Today, I got down to the task of copying out the opening of this second scherzo, first putting it into my “Finale Notebook” software (which I have because it is free and easy, if limited for what I really want to do). Unfortunately, the cats (who are not members of the official Union of Copy Cats) were trying too hard to help which made the process a little more harrowing to deal with, though I’m sure some listeners will be convinced they helped me write it in the first place.

Since 16th-note sextuplets are either impossible or imponderable in this software edition (no fault of its original intent, after all), I translated the opening (and closing) sections, marked Presto scorrevole (which, now that I see it in print, looks rather redundant), from 4/4 at 1/4 note = 90 into 12/8 with 1/8-notes and a whizz-bang metronome marking that should be dotted-1/4 = 180. I’m not sure which looks more like a nightmare...

This is really just a rough draft, having transcribed the original sketches where I use numerical notation (where 0=C, 1=C#, 2=D and so on) into something people can actually read and make some sense of. There are many details still to work out – like dynamics plus pedaling, disbursement of right and left hands, perhaps some register placement in the piano – and I forgot to mark the violin con sordino and the piano, u.c. throughout.

This brief movement – in all about 2'30" – is an odd interlude (a speed-bump, perhaps) between the lyrical mid-point Aria & Chaconne and the Nocturne finale.
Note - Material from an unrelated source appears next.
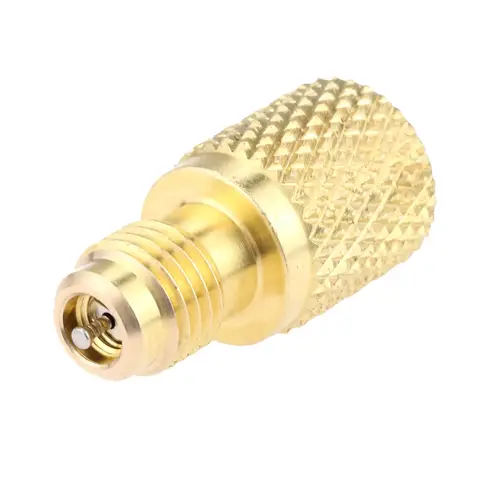 1Pc ACME A/C R134a 황동 파이프 피팅 커플러 어댑터 R134A 냉매 탱크 Mayitr 용 밸브 코어가있는 1/4 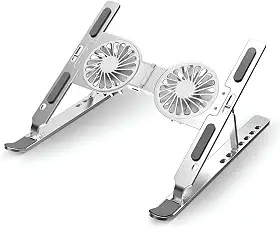 Suporte para Notebook com Cooler Ajustável Base Apoio de Alumínio para Tablet e Laptop Gamer até 17 polegadas com Ventilador Ventoinha Articulado Dobrável Portátil Resistente Metal Estável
I’d considered calling it “Nightmare” to balance the “Nocturne.” Unlike the other movements, this one doesn’t stand too well by itself (brevity aside) but could work as a pair with the Nocturne (which could still be played on its own).








&c &c... The movement begins by just jumping right into the middle of things: the ending of the movement seems to be building to a climax when it just suddenly stops. There should be just a slight pause before continuing into the Nocturne, however.

You can see the ending of the movement here, in this earlier post. Like Benjamin Button, I was composing much of it backwards, the ending sketched during the week after New Year’s, just a couple of weeks after I started writing the movement (and beginning it at measure 8). The excerpt posted above is basically the equivalent of the opening 8 measures, the last part to be composed (and again, written in reverse).

The whole movement, as I explained in the earlier post, is really four different sections all blended together in larger or smaller chunks. For instance, there are only 4 sections of this scorrevole stuff amounting to just 19 measures (in the official 4/4, 1/4=90 format) or less than a minute of the entire length. There are five bits of a slow , icy, almost static section (built almost entirely on whole-tone scales) which begins abruptly at the end of this excerpt, four segments of a more rhythmic idea but only two of a shorter, more lyrical passage, none of which ever start at the beginning or end at the end: like the opening and closing of the movement, it’s just a kaleidoscopic series of fragments. They don’t occur in any particular order and you couldn’t play all the “icy” sections by themselves to find out where it begins or ends. Like listening to a radio with bad reception on a windy night, you probably missed those parts as the signal tunes in and out...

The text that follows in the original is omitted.